SKATE’S RECENTLY RELEASED a report on the Polish market based solely on auction results. Contemporary art (as opposed to other categories like Old Masters), increased from 0.5% in 2005 to 43% in 2012 by the number of lots sold. “The first half of 2012 saw the best performance in the history of Polish auction houses. During that period auction sales produced PLN 30.1 million (USD 9.5 million), gaining 90% in comparison with the same period the previous year. Other market indicators also showed strength, especially the number of lots sold, which grew by 22.5% over the previous year… After two great quarters, sales in July, August and September exceeded the results of 2011 by more than 30%. The number of sold lots increased even more by than 65%. 2012 brought a total volume of PLN 60.5 million (USD 19.2 million), representing a 25% increase compared to the previous year.”
DELOITTE ALSO RELEASED research on the Polish market, confirming many of Skate’s findings. According to thenews.pl, “Consultancy firm Deloitte has estimated that the Polish art market is now worth between 300 million and 350 million zloty (72.8 million euro to 85 million euro).” Furthermore, the online news source quoted Deloitte partner Adam Mariuk: “The annual rate of return on investment in this market [for objects] held for more than 15 years is 46.6 percent, whereas investments lasting from one to five years yielded only 0.2 percent per year.”
ACCORDING TO ART MEDIA AGENCY, Weng Fine Art AG (WFA) “is expanding its financial base and enlarging its credit arrangements with more than €15m.

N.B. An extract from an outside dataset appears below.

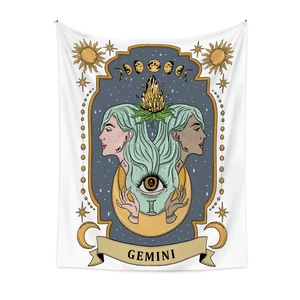 Detailed macro of Gemini zodiac tapestry featuring sun, moon phases and crystal motifs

Combined with its own funds, this will generate a purchasing budget of over €20 million.” Since 2012, WFA has experienced exponential growth (307%) by enlisting itself on the Frankfurt Stock Exchange as well as an electronic securities trading system, Xetra. Furthermore, Weng has specialized in art dealing for over 18 years—thus their expertise was established before going public.
AMA also reported: “Weng Fine Art AG’s majority shareholder Rüdiger K. Weng has recently signed a contract blocking up the sale of his 1.65m shares until 31 January 2016. The contract also stipulates that 60% of WFA’s capital cannot be sold either on or off-exchange for another three years. This long-running block-up shows, according to the press release, the investor’s confidence regarding the future of the company.”
MEI MOSES PUBLISHED its year-end 2012 results this April. The firm found art indexes underperformed compared to other indexes like S&P 500 and FTAS. The art indexes saw a 3.28% decline “question[ing] the continued recovery of the world wide auction art market.” Art Market Monitor added, “Mei Moses have found that although the average price of sales tracked was $518,910, ‘the median price was only $63,718.’ And that ‘Sales for less than $50,000 provided mean returns of 7.48% with a standard deviation of 17.23%.’ While ‘Sales between $500,000 and $1 million, in contrast, generated returns of 5.51% with a standard deviation of 10.93%.’ In other words, buyers took on greater risk to goose their returns from 5.5% to 7.5% which is hardly head-turning even in a low-interest-rate environment. Worse for art investors, reaching for return often backfired when works failed to sell.” The lesson is: buy art for pleasure not for financial investment alone.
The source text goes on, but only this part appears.